----- Records for the exercise -----

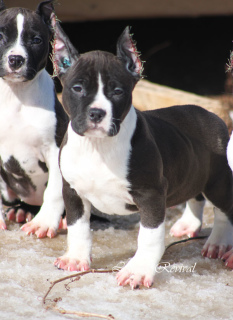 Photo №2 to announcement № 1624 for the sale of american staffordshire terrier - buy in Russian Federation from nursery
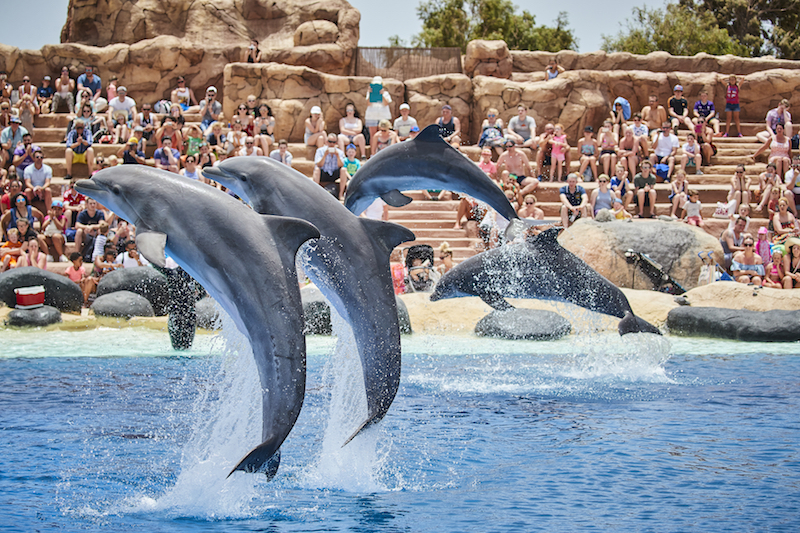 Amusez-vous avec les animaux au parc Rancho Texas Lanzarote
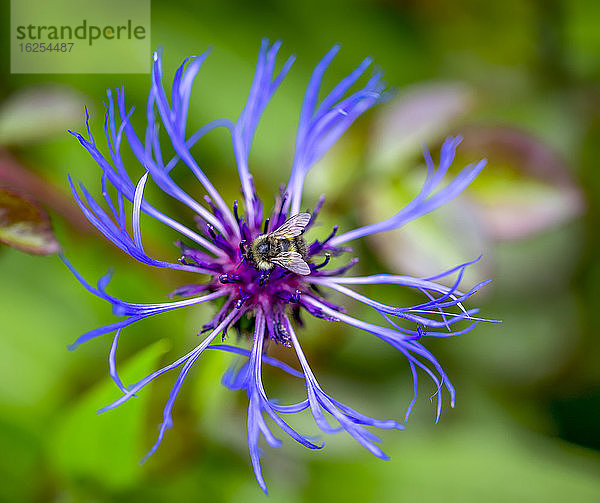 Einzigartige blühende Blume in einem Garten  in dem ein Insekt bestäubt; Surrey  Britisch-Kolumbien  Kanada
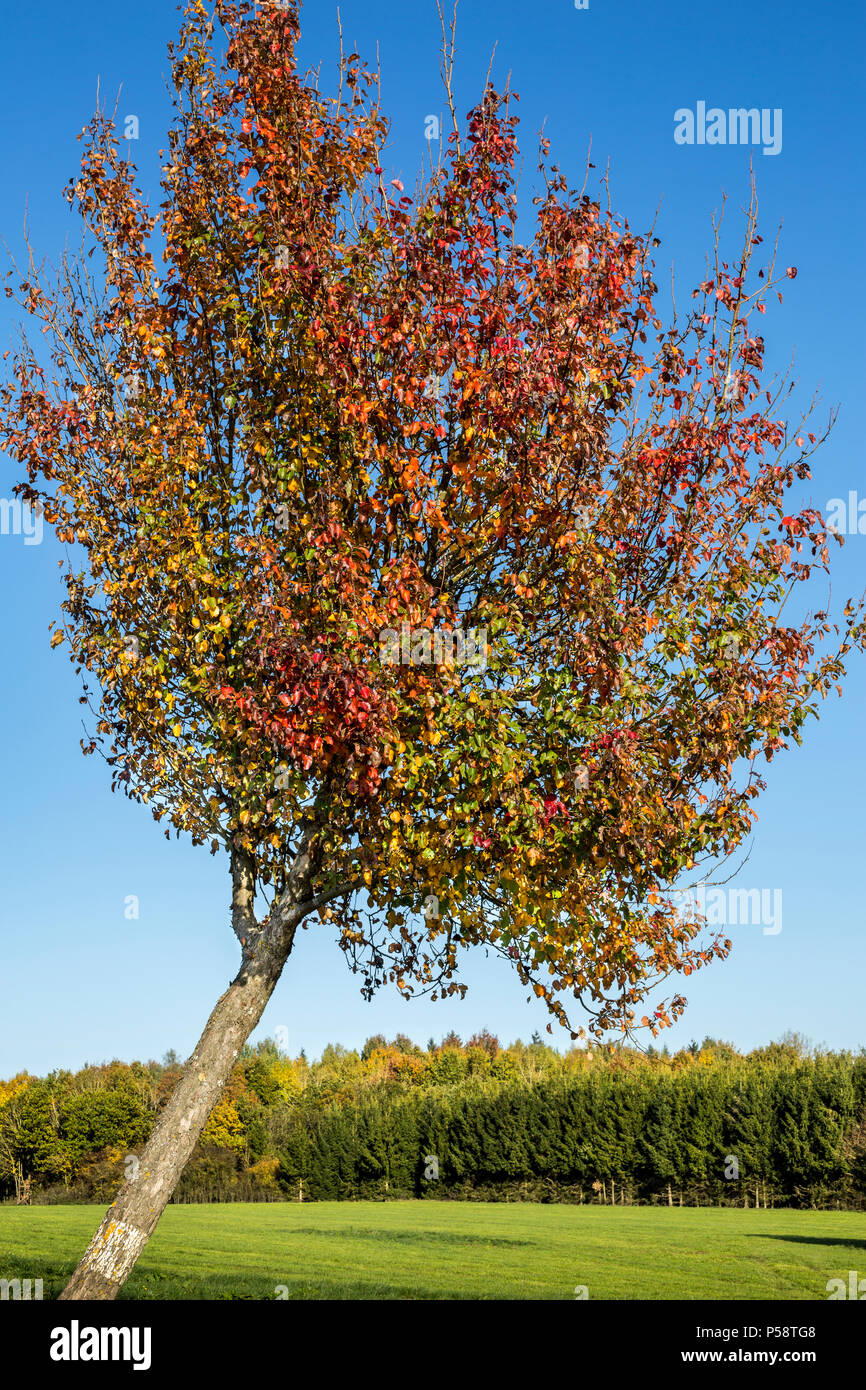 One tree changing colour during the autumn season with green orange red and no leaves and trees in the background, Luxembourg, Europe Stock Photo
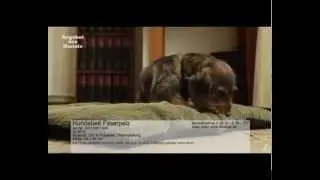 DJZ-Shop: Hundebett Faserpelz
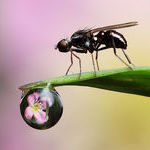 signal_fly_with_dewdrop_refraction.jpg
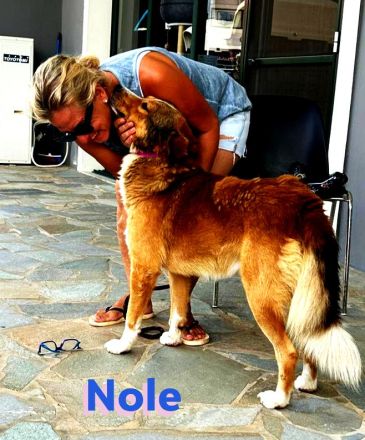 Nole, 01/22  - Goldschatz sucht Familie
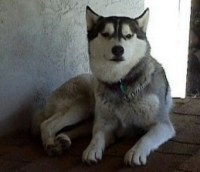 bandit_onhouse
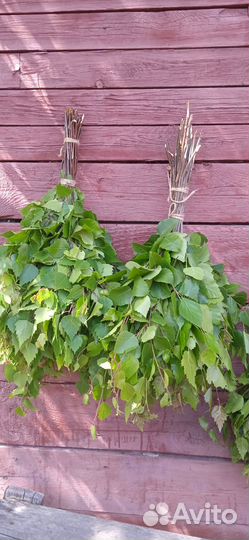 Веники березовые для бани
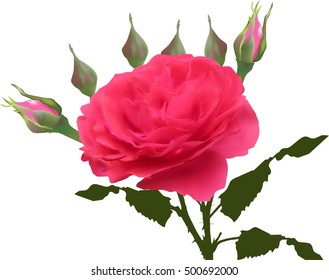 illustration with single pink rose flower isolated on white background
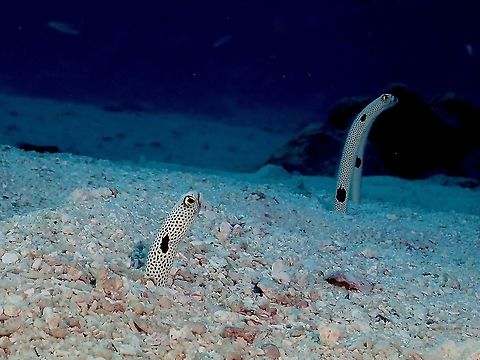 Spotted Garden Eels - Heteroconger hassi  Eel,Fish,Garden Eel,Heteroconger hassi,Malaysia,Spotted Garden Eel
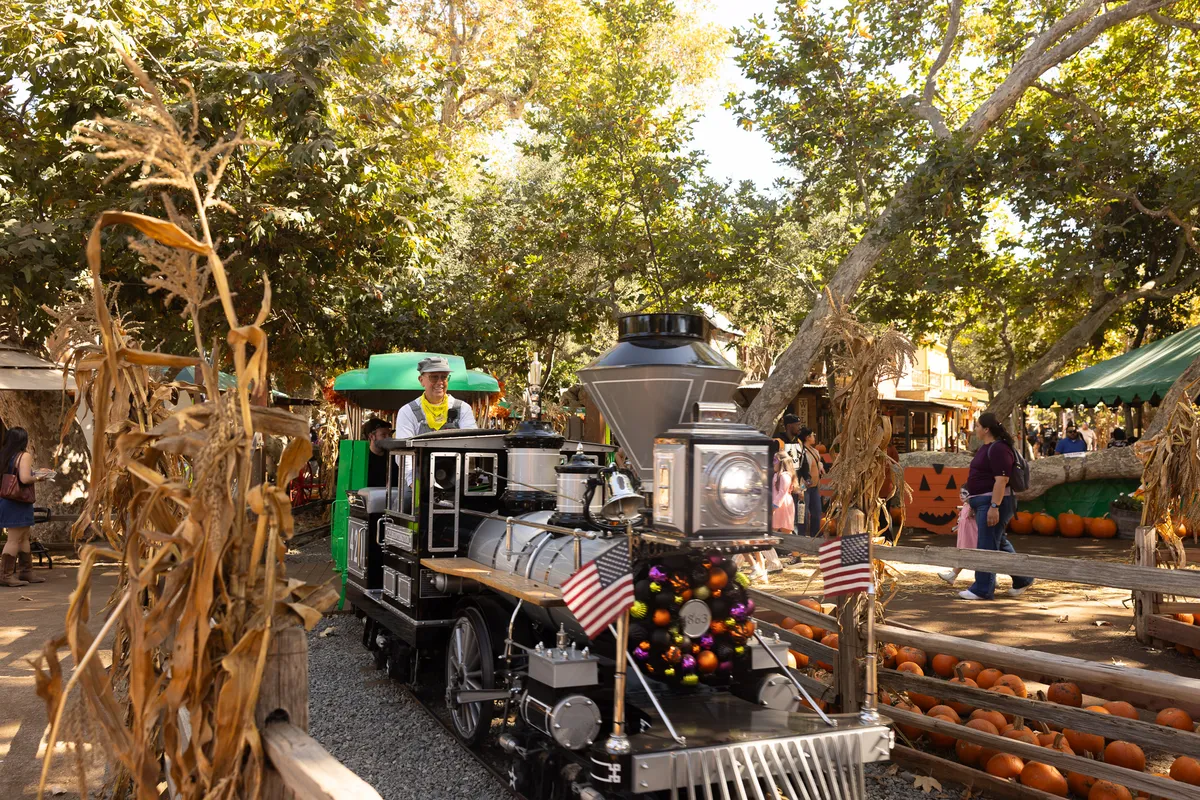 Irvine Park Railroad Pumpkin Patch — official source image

-----

What the task asks = Reproduce exactly and only the lines from the "illustration with single" line to the last line of the records above. Do not carry over any pictures.

Solution to this exercise =
 illustration with single pink rose flower isolated on white background
 Spotted Garden Eels - Heteroconger hassi  Eel,Fish,Garden Eel,Heteroconger hassi,Malaysia,Spotted Garden Eel
 Irvine Park Railroad Pumpkin Patch — official source image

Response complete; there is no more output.